One of the fascinating things about our data structures is that even though we’re so familiar with them, it’s still hard for us to tell exactly how many items something as basic as a HashMap can hold in a 1GB of memory. We may learn this at school, from senior developers, or the hard way when our servers collapse due to poor choice of data structures.


So I decided to do just that. I took ~20 of the most popular Java, Scala, Guava and Trove collections and tested to see how many random ints each of them can hold in a JVM with 1GB of memory (via -Xmx). For each data structure, we appended ints until we received an OutOfMemoryError, which ended the test. We ran each test 5 times on JDK 7 to ensure consistency. For such a fundamental test I found some of  the results to be quite surprising.

* I assume we’re all on the same page in that this isn’t a competition. Different collections have different semantics. I also didn’t include times, as the focus isn’t on micro-benchmarking performance, but on giving us a sense of how much the collections we use everyday can actually hold.

The Results

  • Scala’s collections have greater capacity than Java’s. Scala collections seem to be slightly more efficient than their Java counterparts. While some collections such as TreeSets performed roughly the same, others such as Scala’s HashMaps were able to hold close to 15% more items. HashSets were able to hold 8% more items than their Java counterparts. I’d love to hear from the community why they think that is. Scala’s ArrayBuffer has a slight advantage over its ArrayList counterpart.
  • The exception to that is Scala’s linked list which was able to hold 18% less data than Java’s LinkedList. A constraint here was that in order to append to the list it needed to receive another linked list instead of the direct value. Even so, that in itself should not affect the list’s capacity for holding within the 1GB JVM assuming the temporary list is GC’d.

how much data_3 (1)

* We’re counting the number of ints held, which means 2 ints per map insertion.

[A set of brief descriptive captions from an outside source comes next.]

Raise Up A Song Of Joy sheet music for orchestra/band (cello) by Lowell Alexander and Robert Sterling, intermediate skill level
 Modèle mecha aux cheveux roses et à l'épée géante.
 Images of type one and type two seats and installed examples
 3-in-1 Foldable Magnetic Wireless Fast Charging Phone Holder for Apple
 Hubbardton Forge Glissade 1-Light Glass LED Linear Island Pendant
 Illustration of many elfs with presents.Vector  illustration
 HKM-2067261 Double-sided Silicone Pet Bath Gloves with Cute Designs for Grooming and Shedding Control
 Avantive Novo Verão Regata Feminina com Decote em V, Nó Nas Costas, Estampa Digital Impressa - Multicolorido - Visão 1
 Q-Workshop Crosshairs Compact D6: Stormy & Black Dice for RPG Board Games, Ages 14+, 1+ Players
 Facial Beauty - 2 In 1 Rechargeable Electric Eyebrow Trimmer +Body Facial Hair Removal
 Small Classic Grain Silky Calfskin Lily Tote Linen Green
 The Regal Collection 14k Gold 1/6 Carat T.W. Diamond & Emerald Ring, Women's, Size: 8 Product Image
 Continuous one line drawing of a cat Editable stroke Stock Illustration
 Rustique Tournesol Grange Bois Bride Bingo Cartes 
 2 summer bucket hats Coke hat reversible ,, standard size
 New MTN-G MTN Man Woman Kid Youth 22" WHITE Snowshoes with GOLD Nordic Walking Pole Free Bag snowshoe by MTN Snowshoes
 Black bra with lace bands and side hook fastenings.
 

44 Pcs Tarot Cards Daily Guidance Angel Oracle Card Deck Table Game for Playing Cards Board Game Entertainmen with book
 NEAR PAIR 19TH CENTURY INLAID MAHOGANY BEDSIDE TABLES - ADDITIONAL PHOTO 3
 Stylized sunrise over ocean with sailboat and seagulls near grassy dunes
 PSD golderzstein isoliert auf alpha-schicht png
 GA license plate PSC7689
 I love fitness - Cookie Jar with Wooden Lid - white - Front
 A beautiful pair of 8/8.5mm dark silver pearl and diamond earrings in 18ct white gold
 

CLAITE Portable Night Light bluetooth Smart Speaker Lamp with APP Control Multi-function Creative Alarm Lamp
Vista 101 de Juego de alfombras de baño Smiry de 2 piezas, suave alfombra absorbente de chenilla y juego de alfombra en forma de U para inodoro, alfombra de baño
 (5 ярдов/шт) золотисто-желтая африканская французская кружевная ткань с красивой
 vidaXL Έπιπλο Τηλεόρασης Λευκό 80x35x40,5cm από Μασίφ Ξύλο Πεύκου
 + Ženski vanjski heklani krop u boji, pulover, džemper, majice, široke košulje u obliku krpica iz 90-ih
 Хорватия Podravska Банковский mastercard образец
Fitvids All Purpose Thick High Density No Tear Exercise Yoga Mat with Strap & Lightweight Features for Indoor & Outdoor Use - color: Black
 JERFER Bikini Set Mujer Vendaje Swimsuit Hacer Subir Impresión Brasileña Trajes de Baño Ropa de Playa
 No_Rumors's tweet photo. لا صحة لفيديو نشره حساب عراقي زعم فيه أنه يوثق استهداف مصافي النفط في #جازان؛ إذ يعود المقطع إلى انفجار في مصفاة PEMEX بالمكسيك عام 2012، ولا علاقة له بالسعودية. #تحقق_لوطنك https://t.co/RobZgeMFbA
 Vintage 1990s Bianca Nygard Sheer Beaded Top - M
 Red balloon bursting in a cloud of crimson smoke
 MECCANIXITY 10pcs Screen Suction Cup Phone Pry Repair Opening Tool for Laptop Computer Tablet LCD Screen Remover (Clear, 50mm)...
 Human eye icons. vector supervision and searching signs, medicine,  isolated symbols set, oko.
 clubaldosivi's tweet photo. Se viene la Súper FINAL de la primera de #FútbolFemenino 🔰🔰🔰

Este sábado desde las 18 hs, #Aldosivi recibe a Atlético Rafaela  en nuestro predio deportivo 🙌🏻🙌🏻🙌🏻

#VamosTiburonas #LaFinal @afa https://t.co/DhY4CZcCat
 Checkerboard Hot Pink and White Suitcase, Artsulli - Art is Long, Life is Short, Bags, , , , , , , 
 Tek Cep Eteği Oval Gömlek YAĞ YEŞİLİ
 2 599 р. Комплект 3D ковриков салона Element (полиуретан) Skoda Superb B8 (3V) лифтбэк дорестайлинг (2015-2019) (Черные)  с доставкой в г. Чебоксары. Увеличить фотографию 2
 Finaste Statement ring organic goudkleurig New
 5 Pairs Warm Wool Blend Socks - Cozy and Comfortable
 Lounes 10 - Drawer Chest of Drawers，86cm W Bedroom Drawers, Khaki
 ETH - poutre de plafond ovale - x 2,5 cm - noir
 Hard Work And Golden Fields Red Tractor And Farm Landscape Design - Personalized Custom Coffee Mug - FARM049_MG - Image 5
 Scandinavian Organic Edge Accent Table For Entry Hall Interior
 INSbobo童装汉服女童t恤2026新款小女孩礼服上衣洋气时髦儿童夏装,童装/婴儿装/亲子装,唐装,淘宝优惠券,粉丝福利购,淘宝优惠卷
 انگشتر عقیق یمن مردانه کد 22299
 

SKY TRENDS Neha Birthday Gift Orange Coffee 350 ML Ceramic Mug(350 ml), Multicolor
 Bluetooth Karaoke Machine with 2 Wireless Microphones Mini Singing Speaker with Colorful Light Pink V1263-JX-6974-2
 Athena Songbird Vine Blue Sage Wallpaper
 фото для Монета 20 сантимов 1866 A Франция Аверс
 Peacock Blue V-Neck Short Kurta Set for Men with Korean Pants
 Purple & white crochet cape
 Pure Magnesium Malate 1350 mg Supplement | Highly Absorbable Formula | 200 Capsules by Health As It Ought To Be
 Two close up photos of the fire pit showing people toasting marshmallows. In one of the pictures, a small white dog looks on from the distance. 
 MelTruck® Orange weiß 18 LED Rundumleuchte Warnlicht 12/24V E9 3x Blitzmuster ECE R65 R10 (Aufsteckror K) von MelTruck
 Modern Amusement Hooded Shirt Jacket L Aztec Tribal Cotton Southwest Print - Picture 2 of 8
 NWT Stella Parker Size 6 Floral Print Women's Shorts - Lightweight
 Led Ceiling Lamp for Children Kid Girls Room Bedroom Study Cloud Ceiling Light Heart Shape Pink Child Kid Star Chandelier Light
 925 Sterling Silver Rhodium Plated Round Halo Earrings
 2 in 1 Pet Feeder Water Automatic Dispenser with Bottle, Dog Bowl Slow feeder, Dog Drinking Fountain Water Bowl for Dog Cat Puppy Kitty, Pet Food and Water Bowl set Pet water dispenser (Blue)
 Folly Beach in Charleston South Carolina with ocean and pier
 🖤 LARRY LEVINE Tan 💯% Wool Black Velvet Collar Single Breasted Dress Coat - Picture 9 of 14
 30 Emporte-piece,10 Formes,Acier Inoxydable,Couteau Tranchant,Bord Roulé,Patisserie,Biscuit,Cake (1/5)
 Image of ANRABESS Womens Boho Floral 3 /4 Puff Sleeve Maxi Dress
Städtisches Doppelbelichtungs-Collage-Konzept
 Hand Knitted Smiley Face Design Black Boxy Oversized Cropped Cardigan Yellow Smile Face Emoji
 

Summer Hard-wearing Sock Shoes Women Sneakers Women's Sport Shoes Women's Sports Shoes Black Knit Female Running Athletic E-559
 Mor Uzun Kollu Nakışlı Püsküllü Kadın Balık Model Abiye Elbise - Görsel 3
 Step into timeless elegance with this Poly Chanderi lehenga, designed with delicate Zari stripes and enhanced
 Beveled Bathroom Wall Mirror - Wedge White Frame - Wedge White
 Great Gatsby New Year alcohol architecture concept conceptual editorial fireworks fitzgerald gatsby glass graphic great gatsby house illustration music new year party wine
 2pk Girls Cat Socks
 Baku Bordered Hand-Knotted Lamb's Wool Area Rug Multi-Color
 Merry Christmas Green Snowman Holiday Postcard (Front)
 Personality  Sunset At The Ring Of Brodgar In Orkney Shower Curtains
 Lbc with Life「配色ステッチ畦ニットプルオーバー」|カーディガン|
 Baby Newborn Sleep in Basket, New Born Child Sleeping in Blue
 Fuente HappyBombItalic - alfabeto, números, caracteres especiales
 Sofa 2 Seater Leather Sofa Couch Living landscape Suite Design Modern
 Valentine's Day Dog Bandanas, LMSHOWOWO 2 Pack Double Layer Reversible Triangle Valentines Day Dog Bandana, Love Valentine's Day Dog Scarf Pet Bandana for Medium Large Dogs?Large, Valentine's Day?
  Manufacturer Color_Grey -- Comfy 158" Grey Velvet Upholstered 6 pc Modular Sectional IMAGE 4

  • If you’re not using Trove you’re missing out. We’ve been using Trove’s collections on OverOps backend since day one. Well, sadly not from day one, as that would have saved us quite a lot of time optimizing server code. With TIntArrayList able to hold 250% of its Scala and Java boxed comparable, the numbers kinda speak for themselves.
  • A similar ratio is observed for maps. It was quite surprising to see that Trove maps outperform Java and Scala lists by over 50% capacity. Remember that you also have Trove collections mapping between an int to an Object and vice versa, so you don’t need a fully primitive map to enjoy the capacity benefits.
  • Even so, we still saw that Trove’s TIntLinkedList can hold less data than a Java ArrayList or a Scala ArrayBuffer who box their primitives. This really makes you look at a linked list which is used heavily in your code and reconsider – do I absolutely need it?
  • Since there’s really no overhead in using Trove collections vs. standard library ones, I wouldn’t categorize using them as an “optimize on-demand” scenario. That’s because memory consumption bugs usually manifest under scale, where they’re the hardest to find and you have to start production debugging (of course Trove won’t save you from an inherently inefficient algorithm). It can sometime be the difference between analyzing a core dump and watching a Giants game.
  • Guava – big maps, small sets. Guava’s multi sets are more costly than their Java and Scala counterparts. Compared to Scala’s set they were able to hold 19% less data. The flip side to this of course is that they can do things that aren’t possible using standard set semantics. Just make sure you need those if multisets are going to play a big part in your memory structure.
  • With multimaps we see quite the reverse. Guava’s MultiHashMap was able to hold more than 20% more values than Java’s hashmap and 10% more than Scala’s. It was pretty counterintuitive to see that while Guava’s multisets underperform their Java and Scala equivalents in terms of capacity, MultiMaps actually outperform both Java and Scala.

There are a ton more collections types out there (queues, stacks, etc..), but I wanted to start with the basics and add more per popular demand. So if you want to see another collection on the list or want to shed some more light on some of the differences in capacity – the comments section is below and you know what to do. The code is available here.


OverOps detects all your exceptions and errors and tells you why they happen. Even across multiple threads and machines. Installs in 1min. Less than 2% overhead – Try it free

Tal is the CTO of OverOps. Tal has been designing scalable, real-time Java and C++ applications for the past 15 years. He still enjoys analyzing a good bug though, and instrumenting code. In his free time Tal plays Jazz drums.
  • Luc Bourlier

    Nice post. Could you precise if you are using the mutable or immutable versions of the Scala collections? It looks like they are the mutable ones, as LinkedList is used.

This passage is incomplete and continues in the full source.